UnDomestic

Writings of a teachermom, choosing to stay home with her kids, while loathing all domestic responsibilities! In late Aug. 2008, I was diagnosed with Triple Negative breast cancer. After surgery, chemo and radiation, I was given theall clear. However, in the late summer of 2008, I was diagnosed with a brain tumor, which metasticized to other areas.

Wednesday, February 28, 2007

Toilet Talk

I didn’t want to write about this too soon, for fear that I would jinx it…but I think we’re almost there….so I feel okay about proclaiming that Max is almost potty trained!

The journey has not been hard, just interesting. I’ve been putting him on the toilet for a few months. And he would pee no problem. But he would never poop. Insisting that it hurt. And even when I “caught” him in the act and put him on the toilet, he would stop immediately and wait until his diaper was back on.

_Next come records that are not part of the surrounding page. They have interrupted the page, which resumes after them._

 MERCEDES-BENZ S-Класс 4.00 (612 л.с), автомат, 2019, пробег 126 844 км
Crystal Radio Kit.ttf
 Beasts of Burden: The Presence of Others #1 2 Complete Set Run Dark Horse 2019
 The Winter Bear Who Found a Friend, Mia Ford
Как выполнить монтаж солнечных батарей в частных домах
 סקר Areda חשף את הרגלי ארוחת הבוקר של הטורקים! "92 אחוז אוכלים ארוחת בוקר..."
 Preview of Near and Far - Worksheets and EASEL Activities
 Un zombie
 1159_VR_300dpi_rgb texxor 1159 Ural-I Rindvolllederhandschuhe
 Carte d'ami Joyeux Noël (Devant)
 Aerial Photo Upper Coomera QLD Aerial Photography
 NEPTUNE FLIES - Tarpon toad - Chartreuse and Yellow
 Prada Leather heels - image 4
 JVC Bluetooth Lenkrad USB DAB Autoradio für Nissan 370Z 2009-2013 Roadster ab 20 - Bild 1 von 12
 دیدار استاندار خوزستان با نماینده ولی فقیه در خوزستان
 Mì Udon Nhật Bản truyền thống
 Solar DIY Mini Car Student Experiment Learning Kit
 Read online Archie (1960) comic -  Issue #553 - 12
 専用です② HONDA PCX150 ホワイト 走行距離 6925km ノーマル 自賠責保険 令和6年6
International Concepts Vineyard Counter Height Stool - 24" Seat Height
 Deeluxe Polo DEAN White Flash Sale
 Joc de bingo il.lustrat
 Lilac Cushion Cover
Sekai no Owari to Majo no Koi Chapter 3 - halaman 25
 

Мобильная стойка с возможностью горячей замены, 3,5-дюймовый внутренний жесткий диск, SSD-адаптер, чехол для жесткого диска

Finally one day, knowing he had to poop, I just let him walk around the kitchen with no pants or diaper, until he couldn’t wait any longer and had no choice but to go in the toilet (well, I guess his other choice was to go on the floor, but he knew better). And he did it! And he finally realized that it didn’t hurt!

So I just put the underwear on him. And unless he’s going to sleep, or we’re going someplace where there’s no toilet, in which cases we use pull-ups, then he’s sporting his Diego undies! (He would probably prefer pink Dora ones, but we won't go there).

Here are some toilet talk tidbits from the past two weeks:

As he was sitting on the toilet, not able to go: “Mommy, it’s not working!”

The first few times he climbed up on the toilet to pee, he ended up peeing straight out of the toilet, so I always had to remind him to hold his penis down. One time I was using the bathroom, and he said to me, “Mommy, don’t forget to push your penis down!” To which I had to chuckle that I didn’t have a penis. He responded yelling, “Let me see! Let me see!” A couple days later he was changing the diaper of one of Ella’s dolls and I heard him say to her, “You don’t have a penis!”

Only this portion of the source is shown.